DATA SECTION:
────

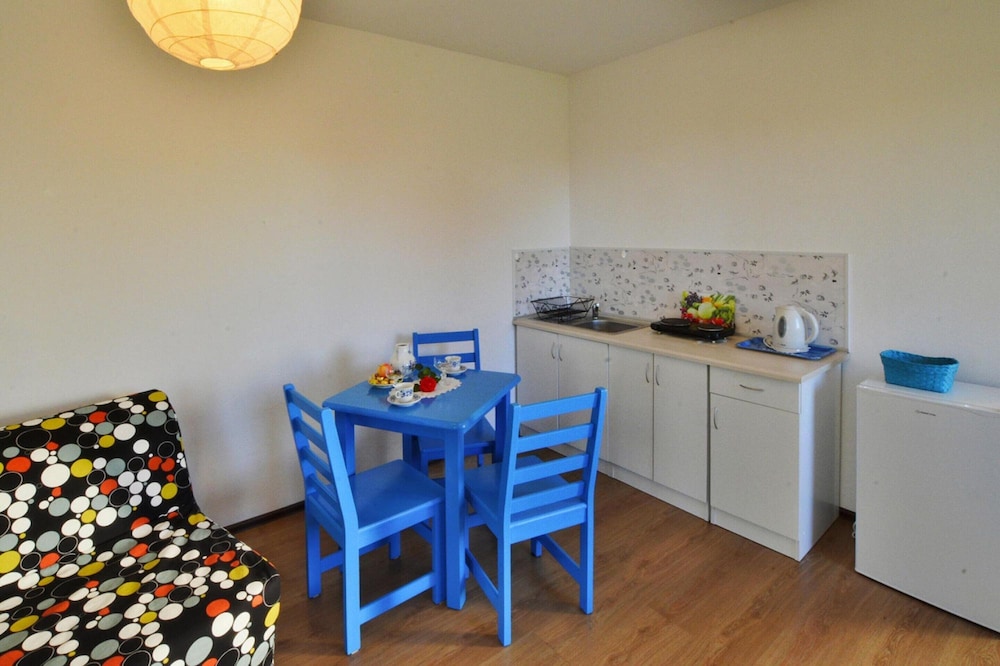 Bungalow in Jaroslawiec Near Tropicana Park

────

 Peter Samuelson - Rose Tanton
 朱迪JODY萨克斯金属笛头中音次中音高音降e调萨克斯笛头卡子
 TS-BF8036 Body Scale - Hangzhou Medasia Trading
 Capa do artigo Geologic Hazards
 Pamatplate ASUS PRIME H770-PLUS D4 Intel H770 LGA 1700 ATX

────

WHAT THE TASK ASKS:
Within the listing above, locate the line containing "朱迪JODY萨克斯金属笛头中音次中音高音降e调萨克斯笛头卡子" and the line containing "Pamatplate ASUS PRIME". Reproduce those two lines and all lines between them exactly, with nothing added.

EXERCISE RESPONSE:
 朱迪JODY萨克斯金属笛头中音次中音高音降e调萨克斯笛头卡子
 TS-BF8036 Body Scale - Hangzhou Medasia Trading
 Capa do artigo Geologic Hazards
 Pamatplate ASUS PRIME H770-PLUS D4 Intel H770 LGA 1700 ATX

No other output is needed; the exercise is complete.